While presenting an annual report on religious freedom, Secretary of State Hillary Clinton urged Arab nations not to “trade one form of repression for another.”
“In the Middle East and North Africa, the transitions to democracy have inspired the world but they have also exposed ethic and religious minorities to new dangers,” Clinton said. “People have been killed by their own neighbors because of their ethnicity or faith. In other places we have seen governments stand by while sectarian violence inflamed by religious animosities tears communities apart.”
Concerns about violence fueled by religious animosity did not stop the US from welcoming the uprising in Libya and supporting anti-Gaddafi forces with a NATO bombing campaign, despite the fact that the rebels were known to have supporters from extremist Islamist movements.
Now the war-torn country faces violence against black immigrants, which the new authorities cannot or will not stop. Tawarga, a town of 10,000 mostly populated by people with sub-Saharan origins, was turned into a ghost town by the victors. The rebels retaliated against the residents for supporting Gaddafi, and the majority of them have been turned into refugees with no place to go.

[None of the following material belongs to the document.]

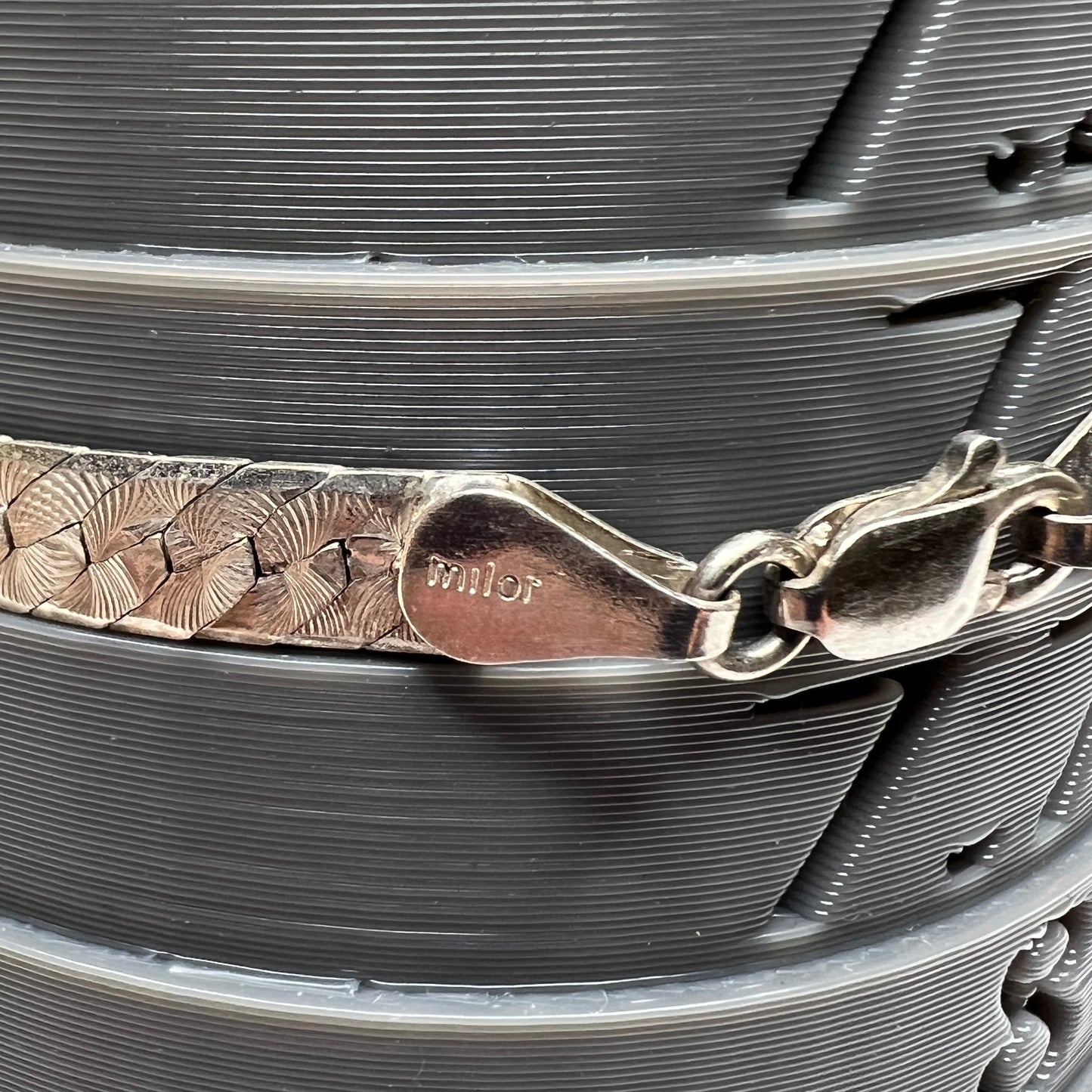 Close-up of clasp stamped “Milor” on sterling silver Italian bracelet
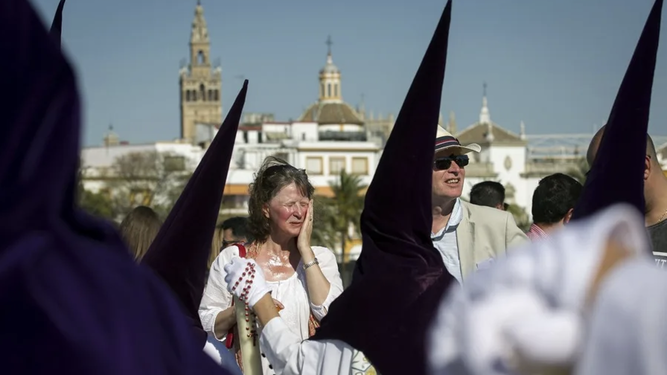 Unos turistas contemplan el paso de los nazarenos en Sevilla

Neither have such concerns held back the US in its attitude toward the Syrian government of Bashar Assad. The crackdown on the city of Hama, which was the center of the radical Muslim Brotherhood uprising against Assad’s father, was condemned by Washington.
In post-Mubarak Egypt, the Muslim Brotherhood is gaining popularity and is bound to have strong representation in the parliament after an election takes place. On Wednesday the movement threatened to launch mass protests if the election is postponed. Earlier angry crowds ransacked the Israeli embassy in Cairo, with the police and military doing little to stop the pillaging.
The West has a habit of backing radical movements in the Middle East to bring down the regimes it does not like, noted Mark Almond, a lecturer in modern history at Oxford University.
“We have a classic example of this 30 years ago in Afghanistan, when people in the CIA thought it was a very good idea to get the Mujahideen to attack the pro-Soviet regime and then Soviet troops. They were successful, but I don’t think in the long term it was very beneficial for the United States and the world in general,” he told RT.